# 2011 f-250 transmission fluid change



## cmland (Nov 2, 2014)

I see in the manual that transmission fluid has a longer life in the '11 and later trucks. Says to change at 150k miles. Before I had always seen 30-60k. The longer life is because of a different sealed transmission and, I guess, improved synthetic fluids. When I asked the dealer service counter about it they said it was 60k. I said check because the manual says different. He said he was almost sure it was 60 but eventually found it at 150k, even for 'unusual conditions' or whatever they call it (I told him heavy towing).

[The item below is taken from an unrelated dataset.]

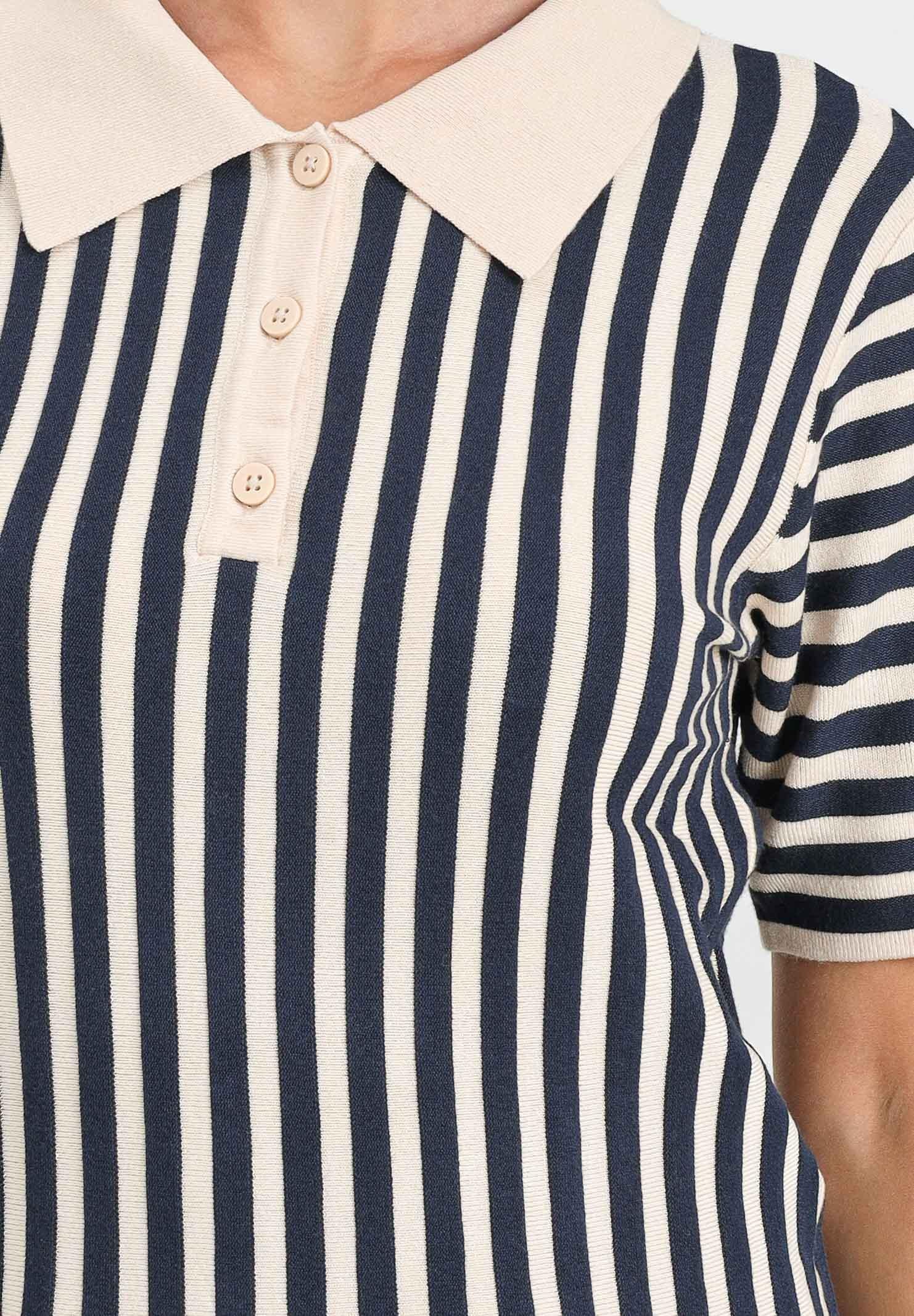 JDY Polo da donna caratterizzata da righe verticali in contrasto beige e blu navy 15354079 ECLIP JDY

Would you guys trust this? Is it really safe to go by, or maybe just makes for improved marketing by Ford for less maintenance needed on the truck?

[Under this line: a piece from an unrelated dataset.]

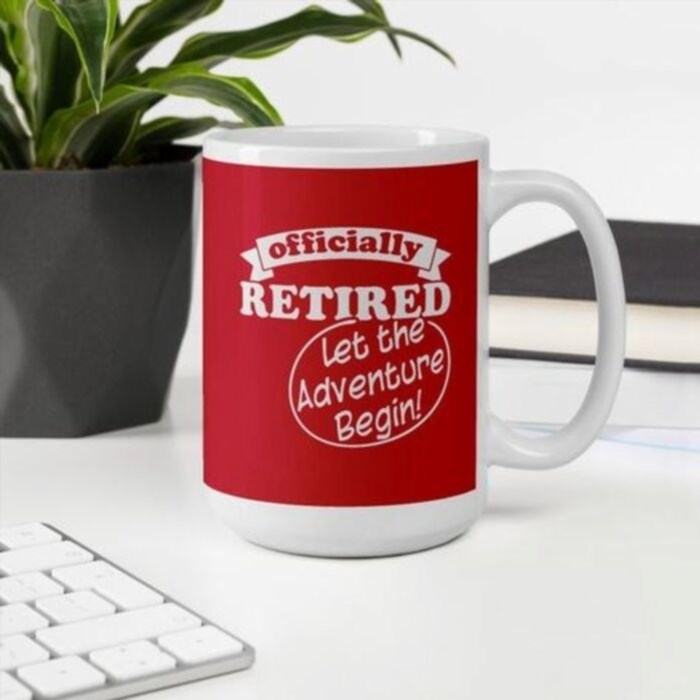 The funny mug for retired principals is a humorous gift that celebrates their years of dedication and leadership in the education field. It features witty slogans or illustrations related to retirement and the principal role, providing a lighthearted and nostalgic reminder of their past profession.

Of course if my trans has problems because of not changing soon enough they're recommendation means nothing and I'm in the hole for the problems


----------



## kimber750 (Sep 19, 2011)

Change my fluid once a year no matter the mileage. Cheap insurance and has got me to 199k without any issues.


----------



## cmland (Nov 2, 2014)

Good advice I was just wondering if it was bumped way up to 150k for good reason


----------



## tjctransport (Nov 22, 2008)

maybe the bump up to 150k miles was to sell more transmissions??


----------



## allagashpm (Sep 29, 2012)

I do a full flush every October regardless of miles. I dont trust that at all especially our business. My dads Lexus es 350 said the fluid never needed to be changed. He services his cars religiously as he puts upwards of 250k on them in 5 years. Tranny blew in the lexus at 160k. Service guys said they had never seen fluid as bad as his, but they technically followed the book. I think its bs personally


----------



## cmland (Nov 2, 2014)

Thanks I decided to do it. 150k seems crazy with towing and plowing


----------



## cmland (Nov 2, 2014)

Got truck back- obvious difference in shifting. Much smoother shifting in lower gears and R engages quicker. Guess it was well worth it. I don't know if they tweaked anything but truck drives like new. Will be changing every 30k now to try and keep up with it. 

Again- manual suggested 150k first change on the newer super duties


----------